Activity: Your task is to write out every line of the data exactly. Drop the pictures.

Material for the task:

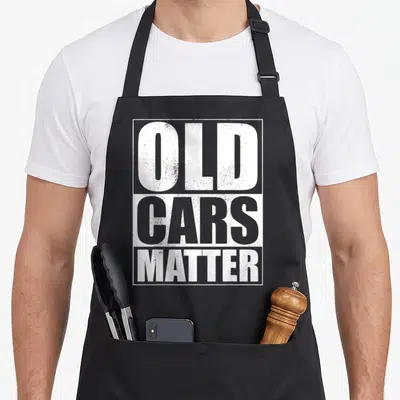 Matter enthusiast car apron - Stacked white and grey text reading OLD CARS MATTER inside a rectangular border — shown on a black cotton canvas apron against a white background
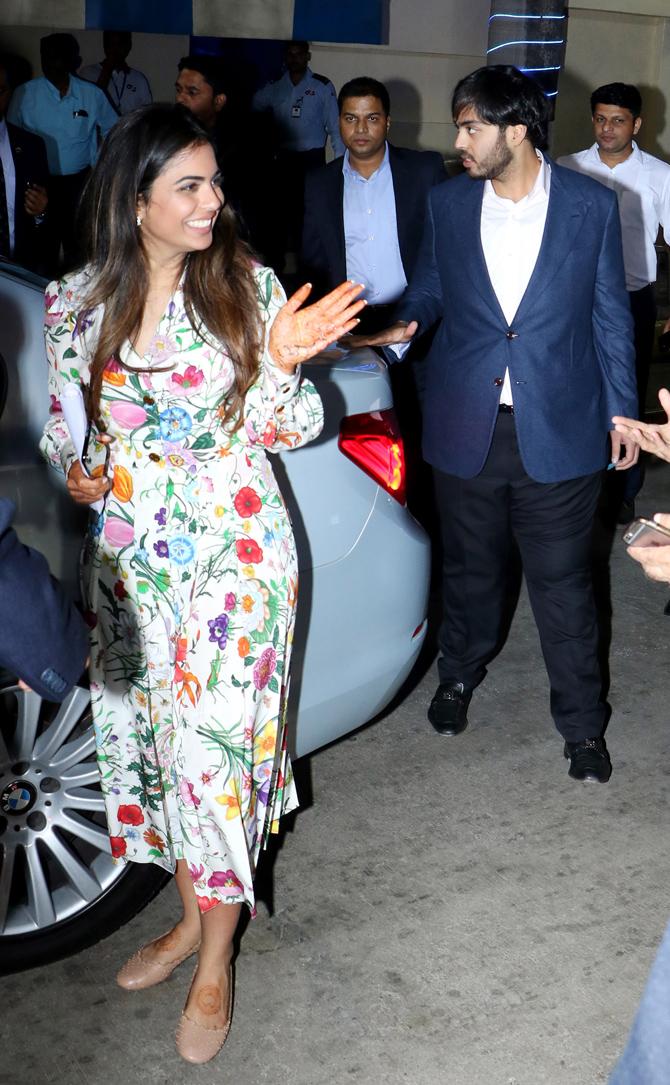 In photo: Isha Ambani caught in a light moment as her younger brother Anant Ambani escorts her to the car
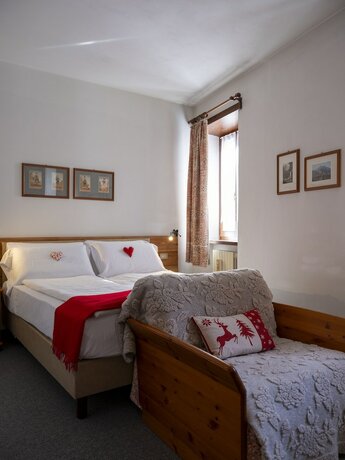 Imagen de la habitación del Hotel Residence Cima Jazzi. Foto 18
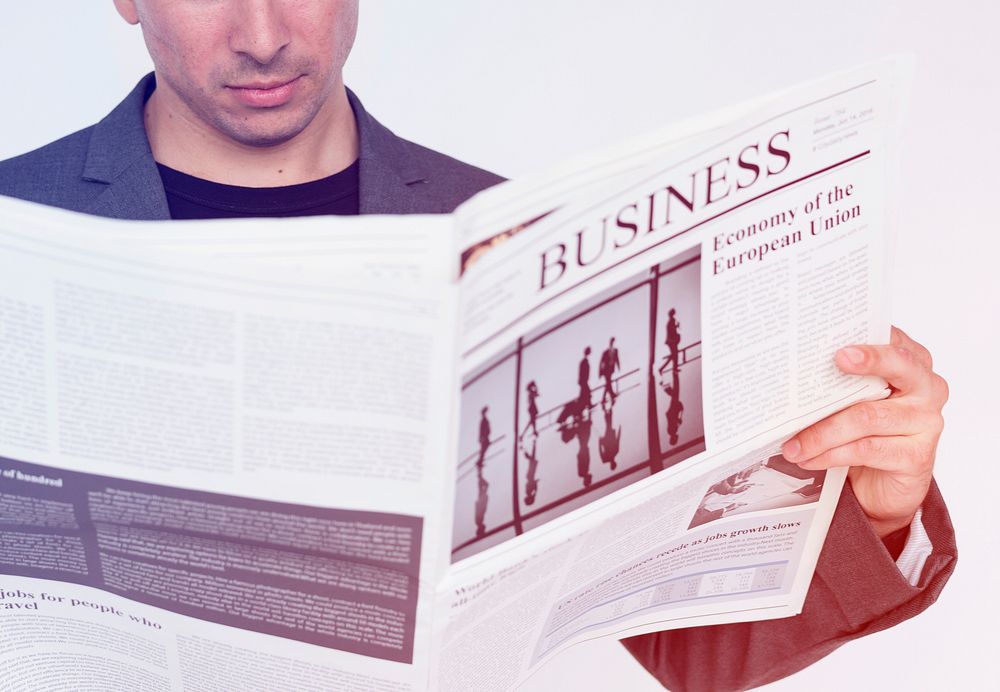 Man Reading Update Business Newspaper Studio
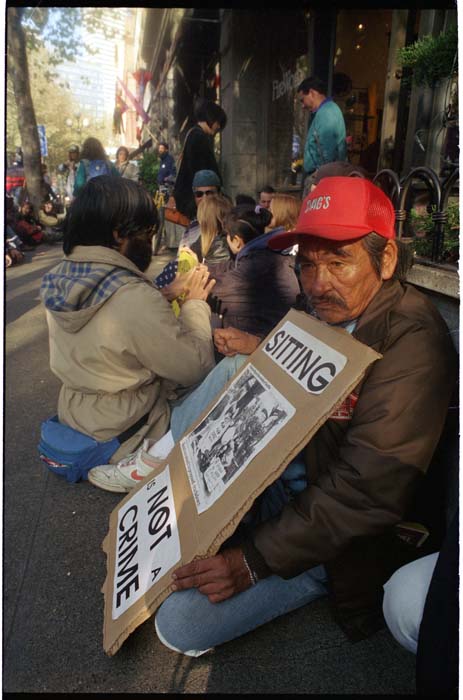 Image of Protesters sitting on sidewalk in defiance of new law, Seattle, November 8, 1993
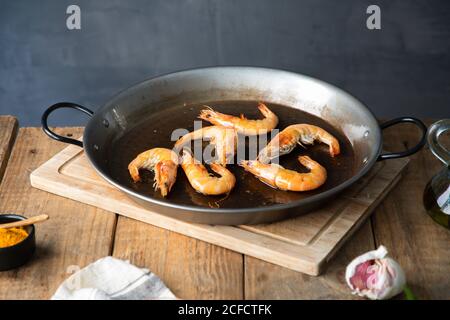 Von oben appetitlich geröstete Garnelen in Öl auf Großmetall Pfanne auf Schneidebrett auf rustikalem Holztisch in der Küche Stockfoto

Expected answer:
 Matter enthusiast car apron - Stacked white and grey text reading OLD CARS MATTER inside a rectangular border — shown on a black cotton canvas apron against a white background
 In photo: Isha Ambani caught in a light moment as her younger brother Anant Ambani escorts her to the car
 Imagen de la habitación del Hotel Residence Cima Jazzi. Foto 18
 Man Reading Update Business Newspaper Studio
 Image of Protesters sitting on sidewalk in defiance of new law, Seattle, November 8, 1993
 Von oben appetitlich geröstete Garnelen in Öl auf Großmetall Pfanne auf Schneidebrett auf rustikalem Holztisch in der Küche Stockfoto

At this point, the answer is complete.